**WHAT YOU ARE ASKED TO DO:** Set the data down again so that every line matches exactly.

Records contained in a dataset
------------------------------------------------------------

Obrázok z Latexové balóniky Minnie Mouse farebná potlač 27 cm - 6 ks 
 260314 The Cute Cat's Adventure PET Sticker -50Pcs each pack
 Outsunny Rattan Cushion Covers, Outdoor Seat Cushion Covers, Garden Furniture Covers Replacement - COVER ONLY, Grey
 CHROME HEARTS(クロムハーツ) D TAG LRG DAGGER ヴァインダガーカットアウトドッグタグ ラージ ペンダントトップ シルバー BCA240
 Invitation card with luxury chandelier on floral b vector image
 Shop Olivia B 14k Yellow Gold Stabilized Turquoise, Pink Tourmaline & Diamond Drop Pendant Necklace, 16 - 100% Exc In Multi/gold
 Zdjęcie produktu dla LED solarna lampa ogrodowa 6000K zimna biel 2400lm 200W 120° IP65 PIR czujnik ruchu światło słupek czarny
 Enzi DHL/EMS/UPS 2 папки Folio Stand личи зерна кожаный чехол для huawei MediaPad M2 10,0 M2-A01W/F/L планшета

------------------------------------------------------------

**RESULT OF THE EXERCISE:**
Obrázok z Latexové balóniky Minnie Mouse farebná potlač 27 cm - 6 ks 
 260314 The Cute Cat's Adventure PET Sticker -50Pcs each pack
 Outsunny Rattan Cushion Covers, Outdoor Seat Cushion Covers, Garden Furniture Covers Replacement - COVER ONLY, Grey
 CHROME HEARTS(クロムハーツ) D TAG LRG DAGGER ヴァインダガーカットアウトドッグタグ ラージ ペンダントトップ シルバー BCA240
 Invitation card with luxury chandelier on floral b vector image
 Shop Olivia B 14k Yellow Gold Stabilized Turquoise, Pink Tourmaline & Diamond Drop Pendant Necklace, 16 - 100% Exc In Multi/gold
 Zdjęcie produktu dla LED solarna lampa ogrodowa 6000K zimna biel 2400lm 200W 120° IP65 PIR czujnik ruchu światło słupek czarny
 Enzi DHL/EMS/UPS 2 папки Folio Stand личи зерна кожаный чехол для huawei MediaPad M2 10,0 M2-A01W/F/L планшета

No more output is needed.